Bu aylarda beslenme için basit ip uçları vermek istersek;

  • Besinler olarak ara öğünlerde ceviz, fındık, badem, süt ayran tüketilebilir.
  • Genelde günde 2-3 litre su içilmesi uzmanlar tarafından tavsiye edilir. bunu tutturmak çok zor olsa da susadığımızda ne kadar su içsek o kadar kardır. Burada en önemli bir konu da sıvı olarak suyun yerini diğer hiçbir içeceğin alamayacağıdır. Vücuttaki işlemlerde su kullanılır. Bunu örneklemek gerekirse; evde, arabada temizlik işini en iyi ne ile yaparız? Tabii ki su ile. Bu insan vücudu için de aynıdır. Gazoz, kola, ayran, çay, kahve suyun yerini tutamaz. Ayrıca diğer içtiğimiz sıvılar böbrekleri daha fazla çalıştırarak daha çok su kaybına neden olabilir. Hülasa su hayattır, susuz hayat düşünülemez.

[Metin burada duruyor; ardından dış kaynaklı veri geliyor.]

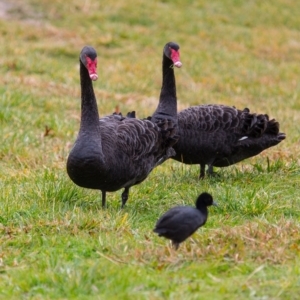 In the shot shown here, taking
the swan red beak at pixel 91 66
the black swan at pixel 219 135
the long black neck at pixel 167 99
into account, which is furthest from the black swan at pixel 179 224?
the long black neck at pixel 167 99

  • Su güzellik için de idealdir. Detoks etkisi yapar ve cildi canlı tutar.
  • Bahar aylarında mümkün oldukça geç saatlerde yatmamalıdır. Geç yatılınca geç kalkılmakta ve yeterince dinlenilememektedir. “Erken kalkan işine, geç kalkan düşüne.” denilmiştir.
  • Bahar aylarında sabahları alınan bir duş insanı zinde tutar. Bahar mevsiminde yeşillikler arttığından, yeşil yapraklı sebze ve meyvelerden istifade etmeliyiz. Bu besinler de vücudumuzda detoks görevi yapar.
  • Midemiz büyük bir fabrikadır ve onun da istirahate ihtiyacı vardır. Dolayısı ile yemekleri hazmetmek de yemek yemek kadar önemli olduğu için yediğimiz yemeklerin arasında 4-5 saat mola mutlaka olmalıdır. Midemiz çöp kutusu veya önümüze gelen her şeyin içine atılacağı bir kap değildir.
  • Ekmek tüketimini azaltmalı ve tam buğday unundan yapılmış mamulleri tercih etmeliyiz.
  • Günlük tuz alımını 5 gr (yazı ile beş gram) ile sınırlamalıyız. Günlük ihtiyaç olan beş gram tuz zaten yediğimiz her türlü gıda ve yemeklerden rahatlıkla alınmaktadır. Yemeği daha tatmadan tuz serpme alışkanlığımızı terk etmeliyiz.

Sonuç olarak bu güneşli ve güzel günlerin kıymetini bilip, tadını çıkarmalıyız. Bunun için sadece pazar günü değil, haftanın her gününde mutlaka belirli bir zaman ayırmalıyız. İnsanın rahatı faaliyettedir. Faaliyette lezzet vardır.